This caught my attention because the original MSI Claw (Meteor Lake) was a disappointment next to AMD-powered handhelds like the ROG Ally and Legion Go. Now the Claw 8 AI+ with Intel’s Lunar Lake-based Core Ultra 7 285V is not just competitive – in TechPowerUp’s testing, it’s topping every AMD handheld they’ve measured. The twist? The big uplift came after Intel nudged the reviewer to adjust power limits. That’s both impressive and a little eyebrow-raising.

Key Takeaways

  • TechPowerUp saw up to 32% higher fps in Cyberpunk 2077 after changing PL1/PL2, making the Claw the highest-performing handheld they’ve tested.
  • The change is simple: set PL2 one watt higher than PL1 (per Intel’s Lunar Lake spec). MSI will push a software update to enforce this.
  • Gains aren’t universal: Hogwarts Legacy barely improved at 25W and actually dipped at 30W, so this isn’t a magic bullet.
  • These wins were measured at 25-30W – great plugged in, but handhelds live and die at 15-20W for battery play.
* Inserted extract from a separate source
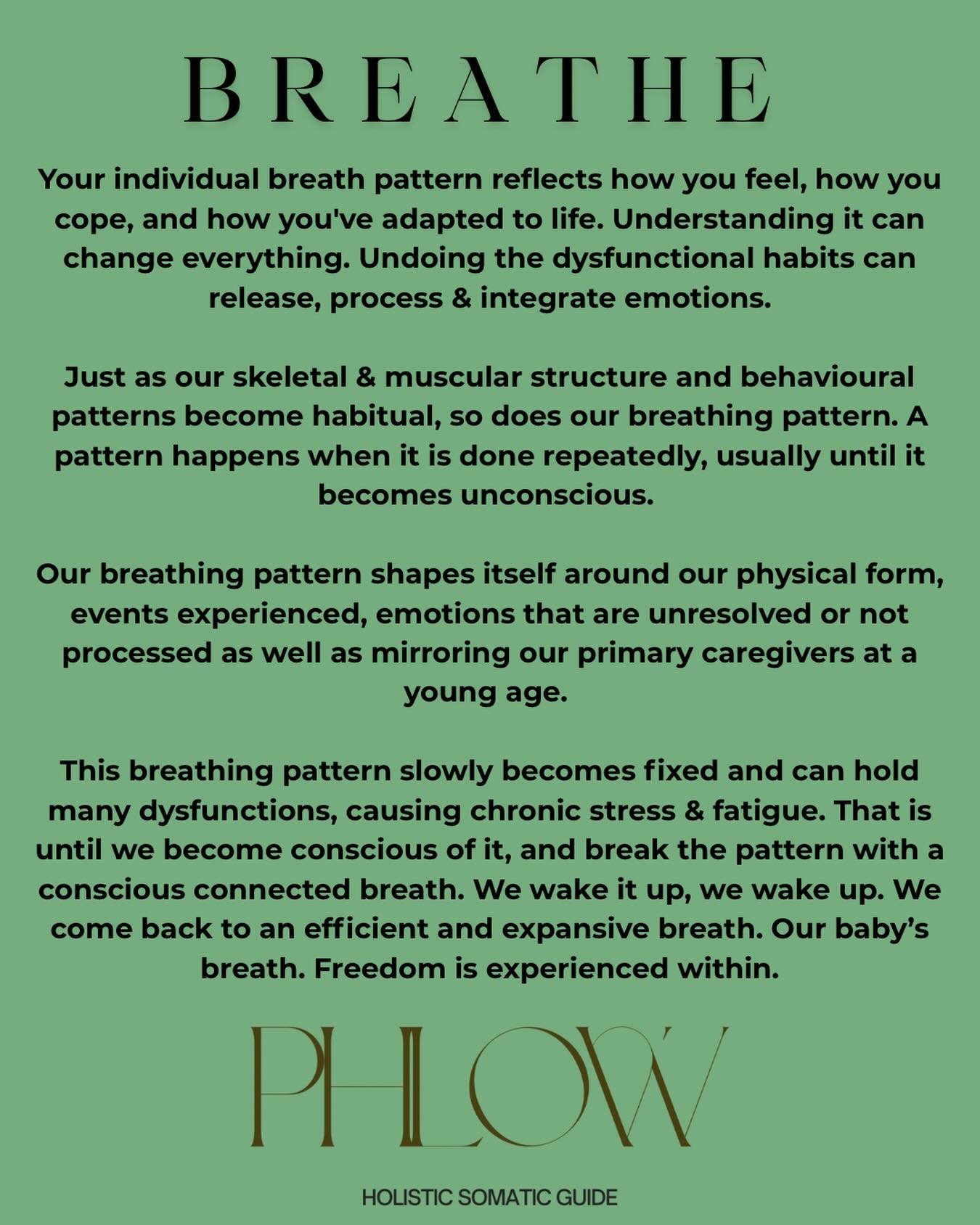 The breath is the way in, way through &amp; way out 🪞 #breathe #breathwork #consciousconnectedbreathing #breathworkcoach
Breaking Down the Numbers (and the Hype)

TechPowerUp’s retest flipped the script. With the default 37W/37W limits (PL1 long-term and PL2 short-term), performance was good-but-not-special. After Intel advised setting PL2 just 1W above PL1 – the official Lunar Lake guidance — Cyberpunk 2077 jumped from 24 to 33 fps at 25W and from 29 to 35 fps at 30W. That’s a convincing 30%+ gain where it counts: a heavy, CPU/GPU-hammering title.
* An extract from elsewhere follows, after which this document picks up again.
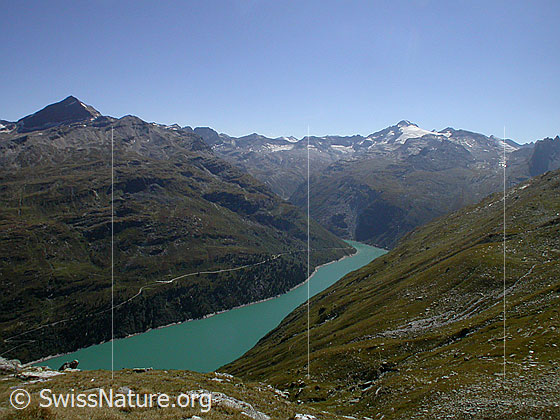 Foto: Fanellhorn, Güferhorn, u.a. darunter der Zervreilasee. Blick von Pt. 2521 S Dachberg.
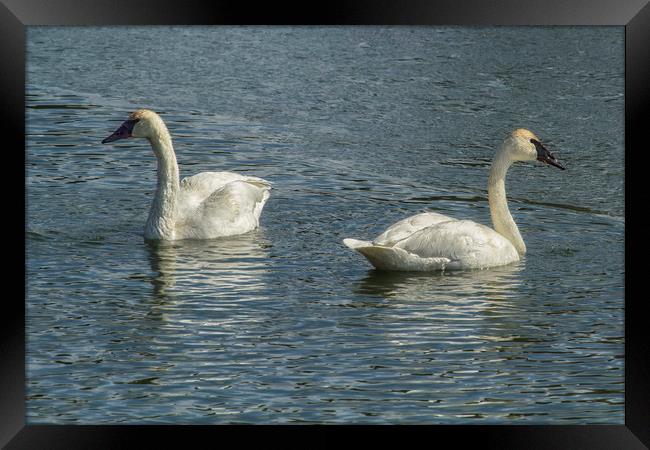 Two Trumpeter Swans at Oxbow Bend Framed Print by Belinda Greb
But the results weren’t uniform. Hogwarts Legacy saw around 2.6% at 25W and a regression at 30W. Translation: the uplift is partly about how the game responds to boost behavior and Intel’s iGPU driver, not some universal “Intel > AMD” law. Still, the fact a minor power policy tweak unlocks this much headroom says Lunar Lake’s boost logic and Xe2 iGPU can absolutely swing when given the right runway.

Why This Matters Now

For the last two years, AMD’s Phoenix-based chips (Ryzen 7 7840U/8840U and Ryzen Z1 Extreme) have been the safe bet in handhelds. Most “best handheld” lists are basically an AMD roll call. Intel’s handheld story has been driver headaches and underwhelming iGPU throughput, and the first Claw did little to change that. Seeing an Intel-powered handheld take top marks, even with caveats, is a genuine shift.

Architecturally, Lunar Lake’s on-package memory and revamped Xe2 graphics (with XeSS upscaling) are built for efficiency at low-to-mid power. That’s exactly where handhelds live. If Intel sustains strong 25W performance and cleans up 15-20W behavior, we’re looking at a true two-horse race. Competition is good for us: better prices, better drivers, and fewer half-baked launches.

The Gamer’s Perspective: What to Watch Before You Buy

Here’s where I put the brakes on the victory lap. The most eye-popping gains showed up at 25–30W. That’s fine with a charger, but your wrists and battery won’t thank you for running Cyberpunk at 30W on the train. We need broad, apples-to-apples checks at 15–20W in modern titles with upscalers on — the typical handheld sweet spot for 800p/900p, aiming for a stable 30–45 fps.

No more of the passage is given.